Morecambe may not be doing battle with Premier League giants on the field but one part of the football club regularly dines at the top table. Adam Lord goes behind the scenes at the Shrimps’ Community Sports arm.
Picture the scene. One of the League 2’s most controversial figures stood at the front of a room reading quiz questions.
The audience for Morecambe striker Kevin Ellison, more famed for taunting opposition fans and feeling the wrath of referees?
A group of over-55s who pay regular visits to a group run by Morecambe FC’s Community Sports arm.
It’s just part of the work going on in the building that rises above one corner of the Shrimps’ Globe Arena pitch.
Sitting in her office overlooking the stadium, Community Sports head Janet Preston admits the work of the ever-expanding and award-winning team she oversees is increasingly hard to explain concisely.
“People think it’s just schools, it isn’t, it’s across a wide range,” says Janet.
“It’s hard to put it under one label.
“But basically we’re trying to engage everyone in the community within a programme that we run.
“At the moment the youngest participant in our scheme is probably four and the oldest is 86.
“So there’s something going on all the time.
“From education in the classroom, to bikeability, the old cycling proficiency, which we now deliver, all the time we’re moving on and expanding to different programmes.
“No longer is it just football.”
As well as the classic school visits, with the team travelling as far as the South Lakes, and birthday parties on match days, newer initiatives from the registered charity include delivering the National Citizenship Service and working to increase female football participation.
NCS sees large groups taken way on residentials, doing team building and also taking part in charity and community endeavours with money recently being raised for the restoration of Morecambe’s Winter Gardens theatre.
One thing that has also gathered momentum is the club’s futsal scheme, an indoor five-a-side game giving 16-year-olds the opportunity to play football in a Football League supported set-up and stay in education.
Although in its infancy it technically offers a route into the Shrimps first team, working alongside the club’s link up with Lancaster and Morecambe College and their Elite Player Performance Pathway, with the latter more like a traditional football club academy.
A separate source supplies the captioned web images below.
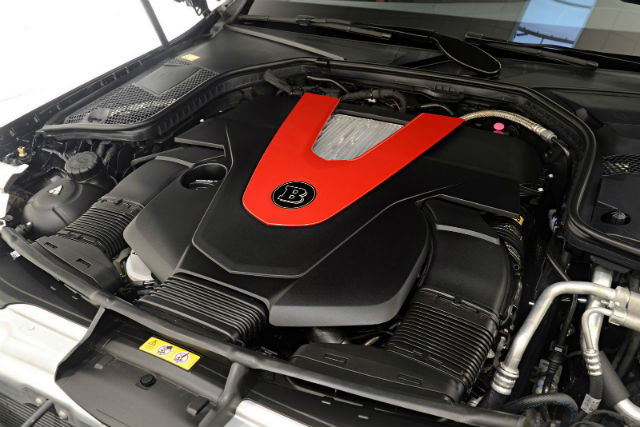 改裝計劃導入了Brabus專屬的PowerXtra B30-410動力升級套件，讓馬力一舉提升了43hp／5kgm，來到405hp／58kgm。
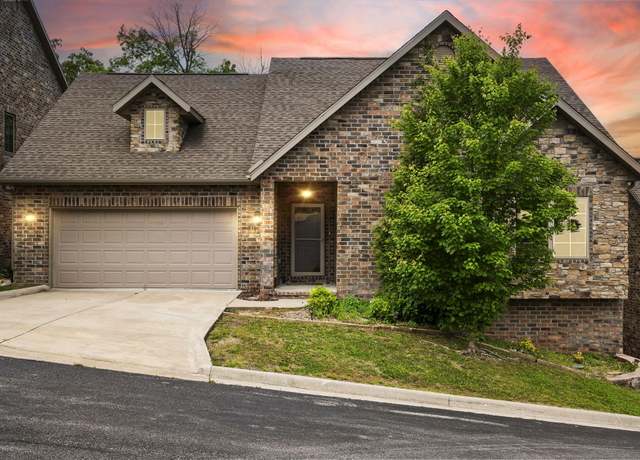 Property at 311 Stillwood Dr, Branson, MO 65616, 4 beds, 3 baths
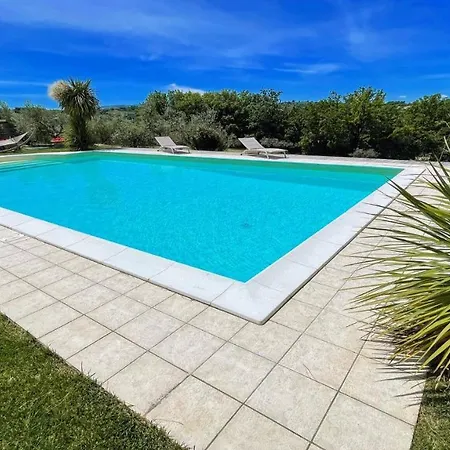 Villa Sole Vino - Fabulous Pool - Fantastic Area - Sleeps Up To 15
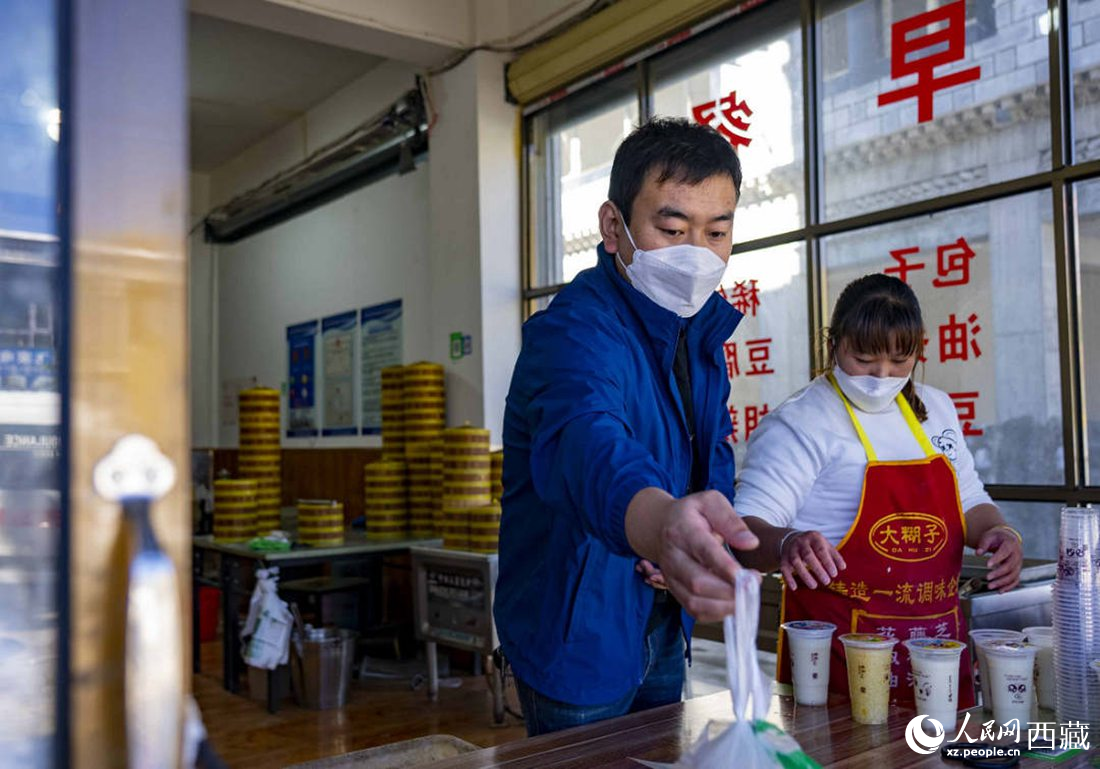 市民購(gòu)買早餐。人民網(wǎng) 次仁羅布攝
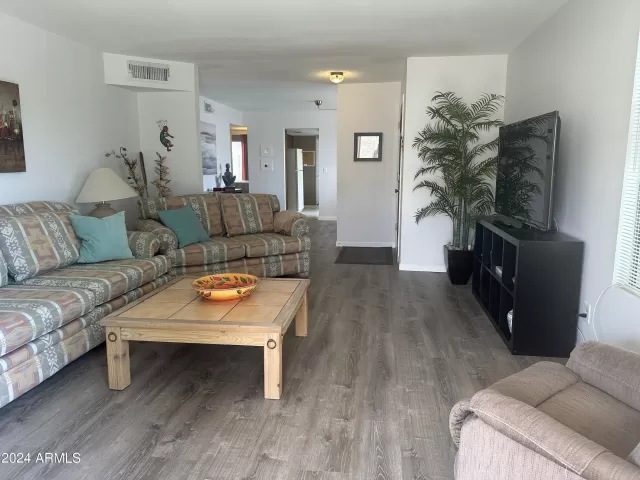 MLS: 6689311 Condo For Sale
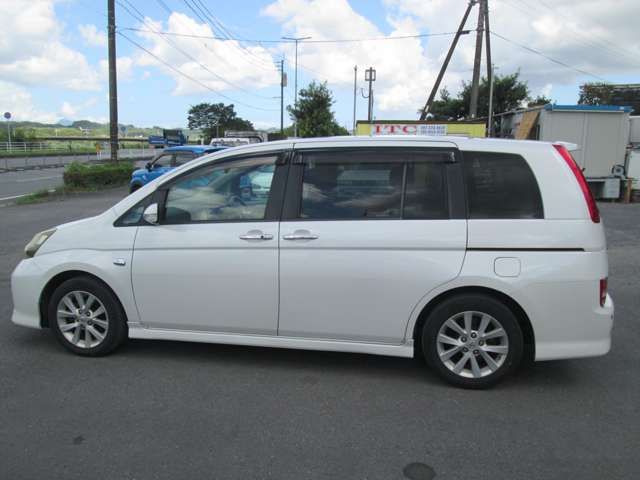 2010 Toyota Isis – thumbnail 4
“There’s maybe some young players who at 16 don’t know what they want to do,” says Janet, who has children Holly and Michael, a former Shrimps player, working alongside her.
“At 16 maybe they don’t want to stay on at school, maybe they don’t want to go to college but they know that they love the sport.
“They get a qualification that’s the equivalent of three A-Levels and they’re around the ground, have the same tracksuit as everybody else, they train every day.
“If we’ve got anybody that’s particularly promising who’s slipped through the net then we’re saying to (Head of Youth) Stewart Drummond, come and have a look.
“It’s a good place to be and from that course they can go on to university or we have trials for scholarships in America.
“And obviously they love the games every other Wednesday when they head to Leeds.”
Whatever the initiative or class the goal is clear.
“Footballers have to be part of the community,” says Janet, who has gone from working one day a week at the Shrimps’ former home Christie Park 10 years ago to overseeing a team of 13 staff, including a qualified teacher and personal trainer, plus part-timers at the Globe.
“If we can’t get the community involved in the football club how are we going to get them through the gates?
“That for us is what it’s about.
“We’re trying to get people to games because a lot won’t have been before.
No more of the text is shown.